*SOURCE MATERIAL*:
--- START ---
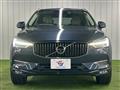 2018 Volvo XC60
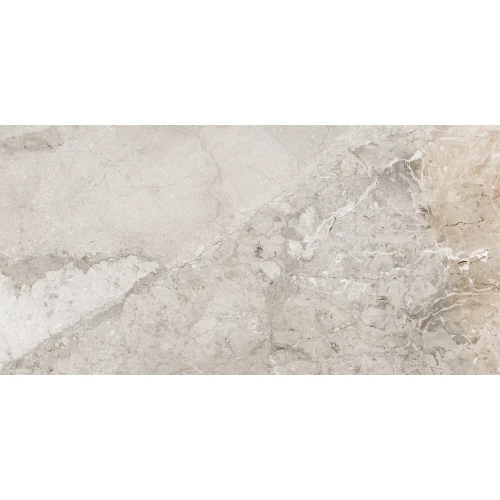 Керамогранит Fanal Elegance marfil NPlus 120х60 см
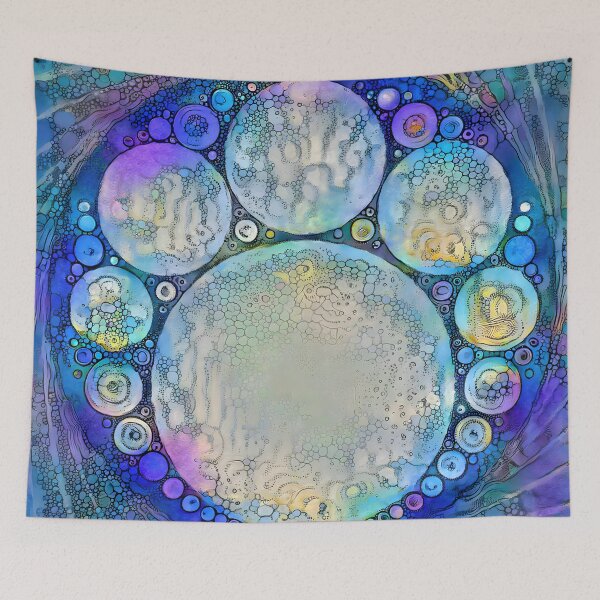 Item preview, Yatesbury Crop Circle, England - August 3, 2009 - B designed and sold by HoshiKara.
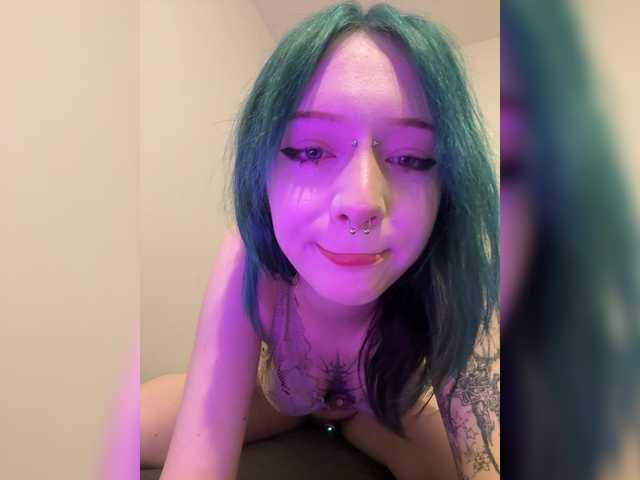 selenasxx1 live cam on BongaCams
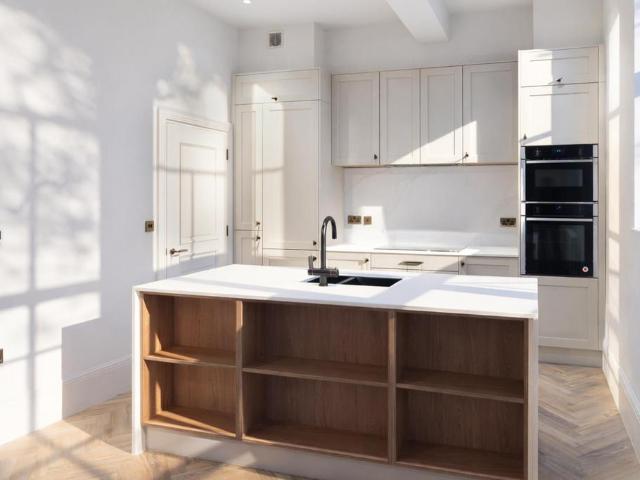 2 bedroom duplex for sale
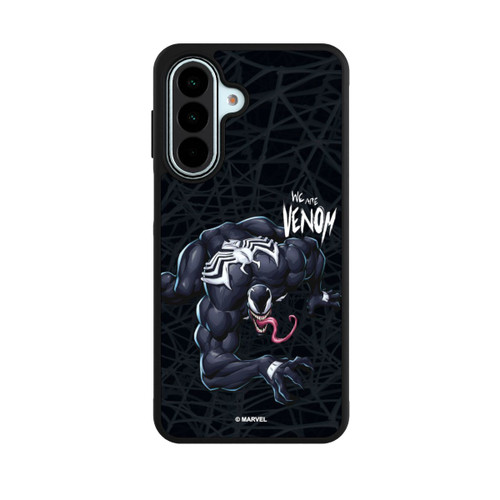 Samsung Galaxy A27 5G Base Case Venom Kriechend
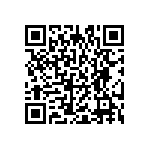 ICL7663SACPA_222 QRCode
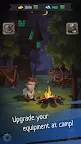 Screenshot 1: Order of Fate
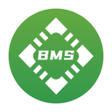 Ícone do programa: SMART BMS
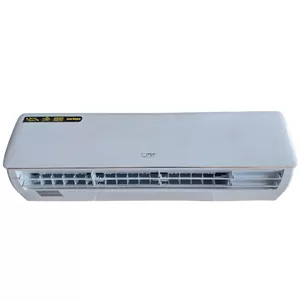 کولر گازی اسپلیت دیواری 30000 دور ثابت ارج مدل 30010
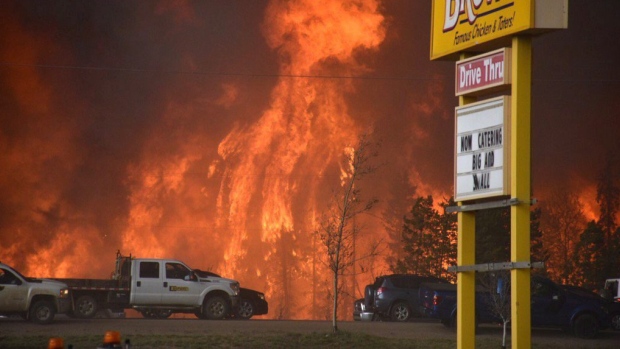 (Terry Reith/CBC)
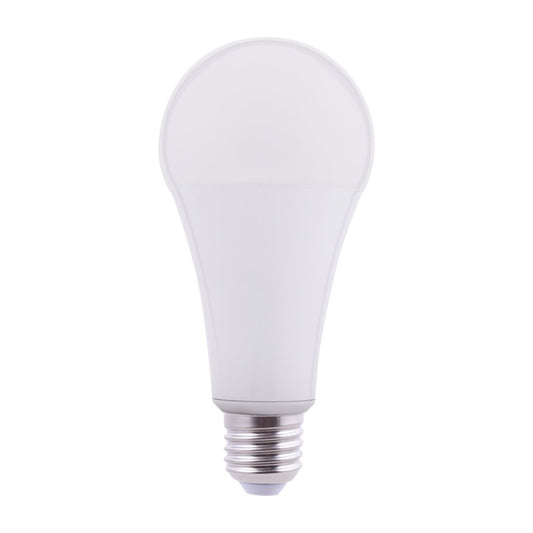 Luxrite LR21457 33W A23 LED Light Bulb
--- END ---
*ASSIGNMENT*:
Only the lines from the one with "Screenshot 1: Order of Fate" through the final line of the entries above should be transcribed, exactly and without pictures.

*OUTPUT OF THE TASK*:
 Screenshot 1: Order of Fate
 Ícone do programa: SMART BMS
 کولر گازی اسپلیت دیواری 30000 دور ثابت ارج مدل 30010
 (Terry Reith/CBC)
 Luxrite LR21457 33W A23 LED Light Bulb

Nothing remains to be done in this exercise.